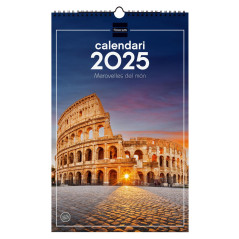 CALENDARIO DE PARED 2025 FINOCAM "IMÁGENES: MARAVILLAS DEL MUNDO" CATALÁN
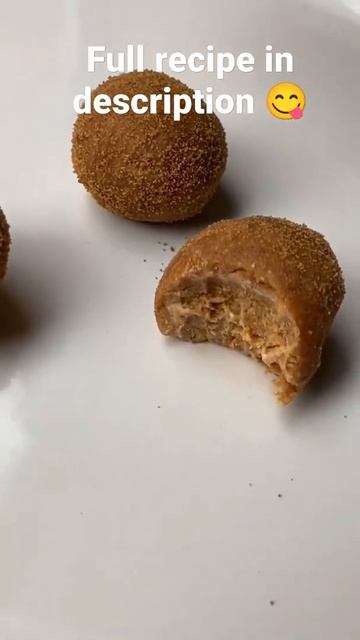 No bake Churro protein trufflesVegan | Full recipe in description | #Shorts #keto смотреть онлайн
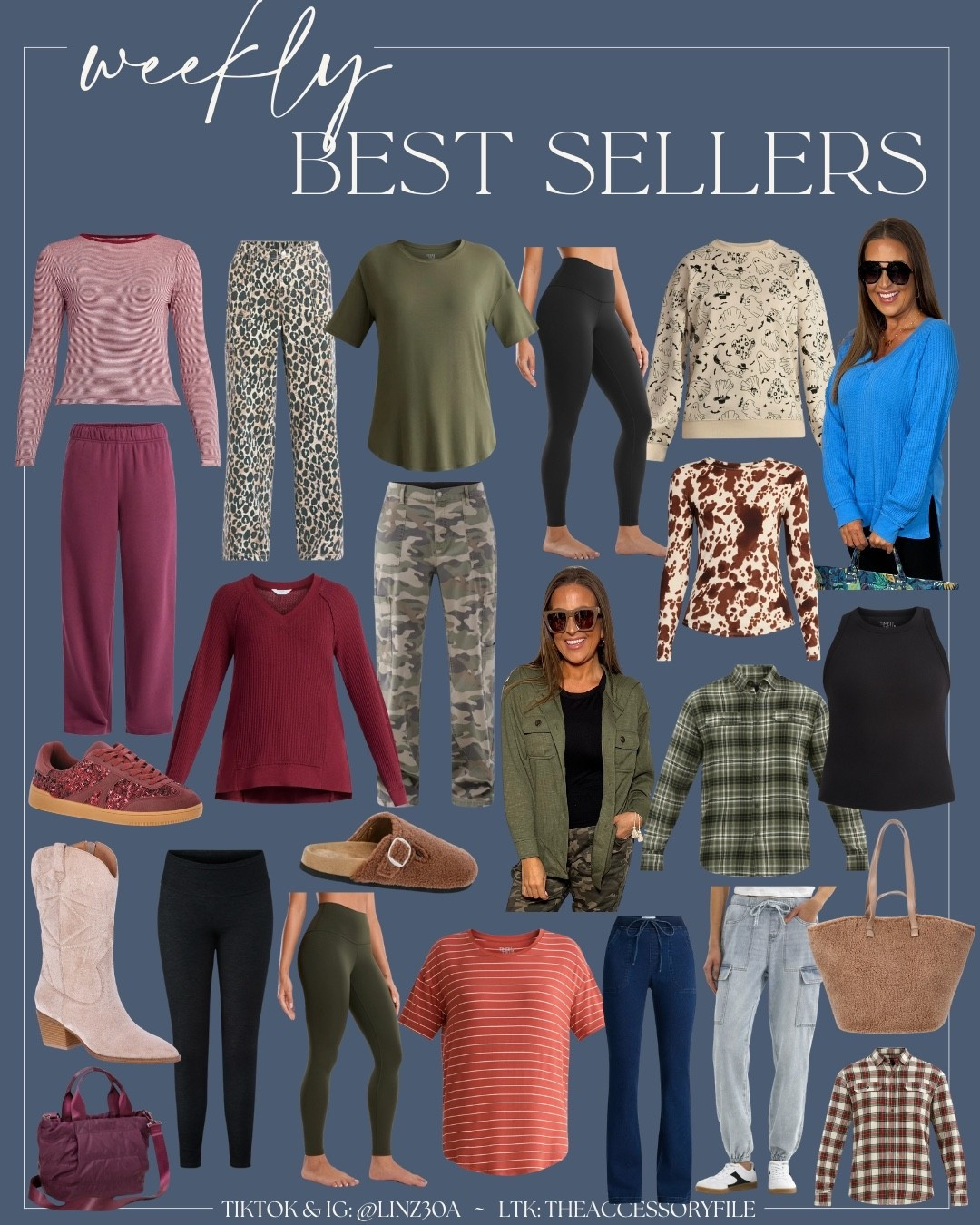 This past week’s best sellers! 

Fall outfit, fall fashion, viral fashion, camo pants, cargo pants, buttery soft black leggings, athleisurewear, athleisure, Halloween outfit, Halloween costume, Halloween sweatshirt, denim joggers, hoodie


#LTKStyleTip #LTKFindsUnder50 #LTKSeasonal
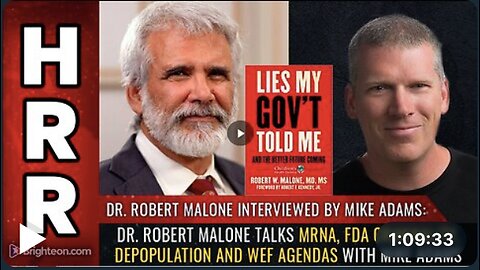 Dr. Robert Malone talks mRNA, FDA criminality, depopulation and WEF agendas with Mike Adams
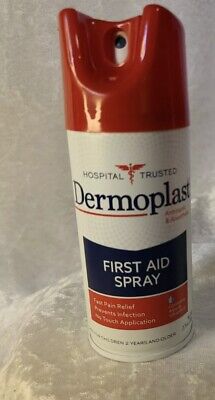 Spray de primeros auxilios rápido antibacteriano para aliviar el dolor Dermoplast unisex tamaño 2,75 oz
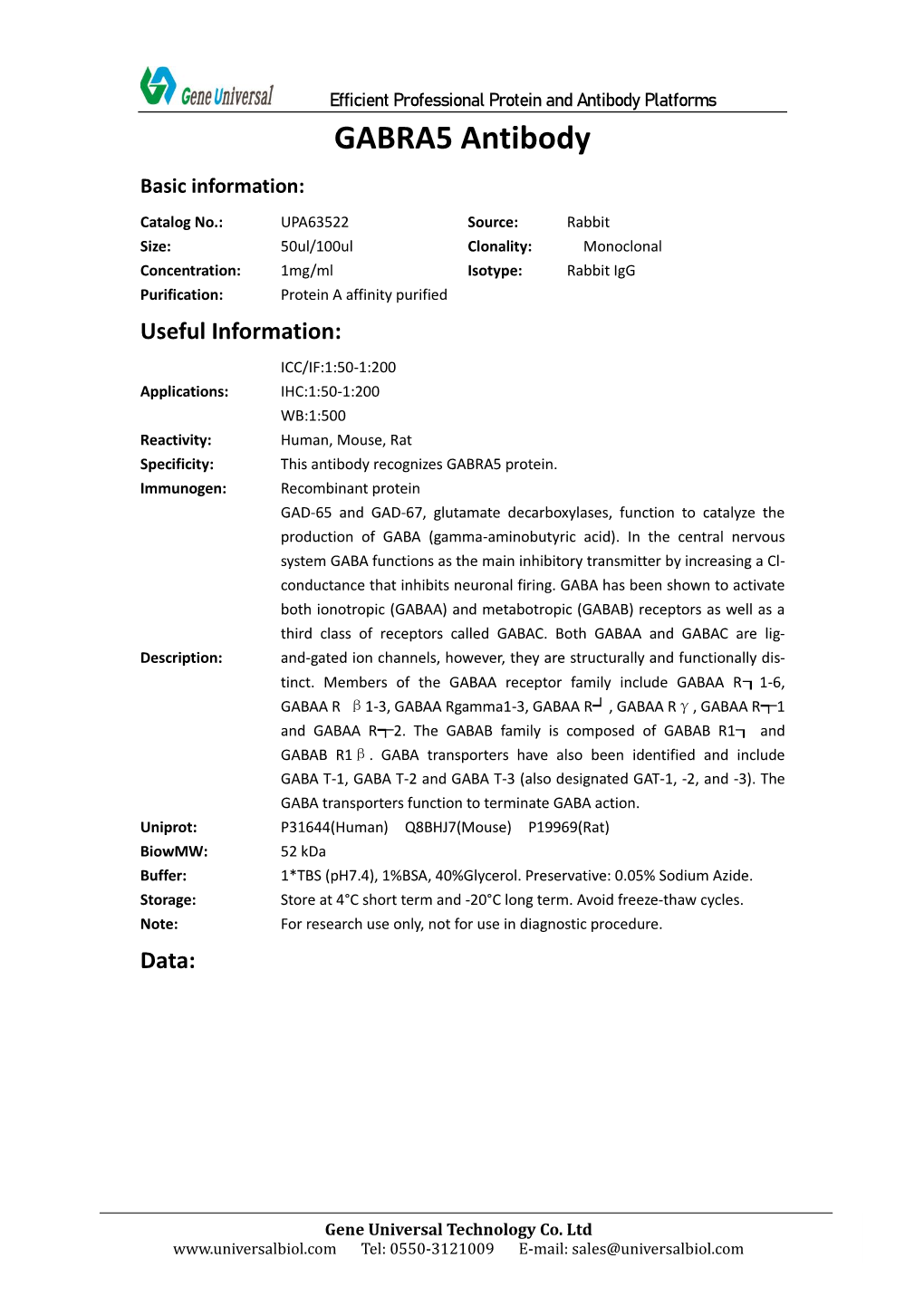 GABRA5 Antibody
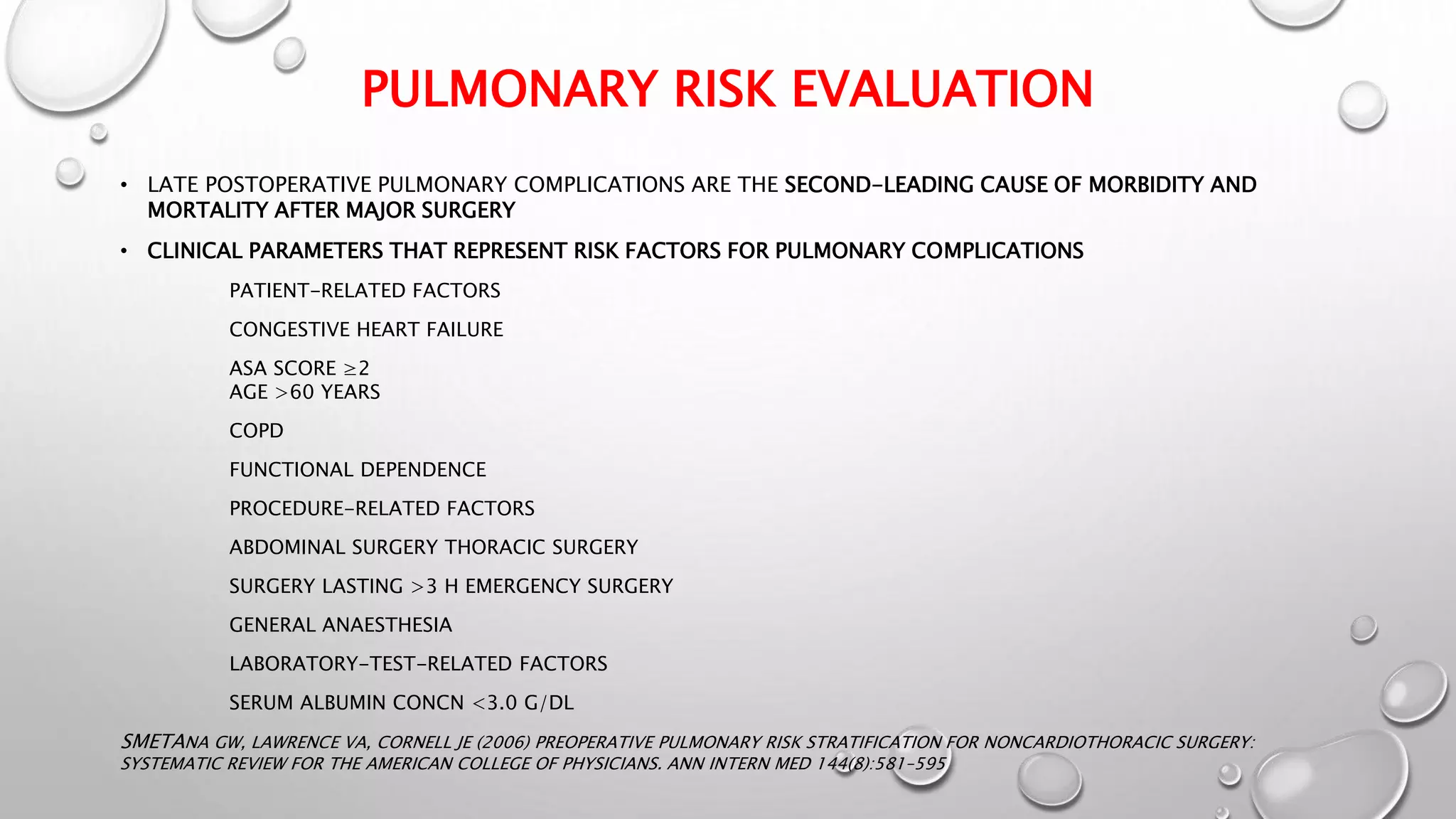 Perioperative Care in surgical patients | PPTX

| Directions |
Pictures stay out. Return exactly the lines from the one with "#LTKStyleTip #LTKFindsUnder50 #LTKSeasonal" through the last line of the data.

| Output of the task |
#LTKStyleTip #LTKFindsUnder50 #LTKSeasonal
 Dr. Robert Malone talks mRNA, FDA criminality, depopulation and WEF agendas with Mike Adams
 Spray de primeros auxilios rápido antibacteriano para aliviar el dolor Dermoplast unisex tamaño 2,75 oz
 GABRA5 Antibody
 Perioperative Care in surgical patients | PPTX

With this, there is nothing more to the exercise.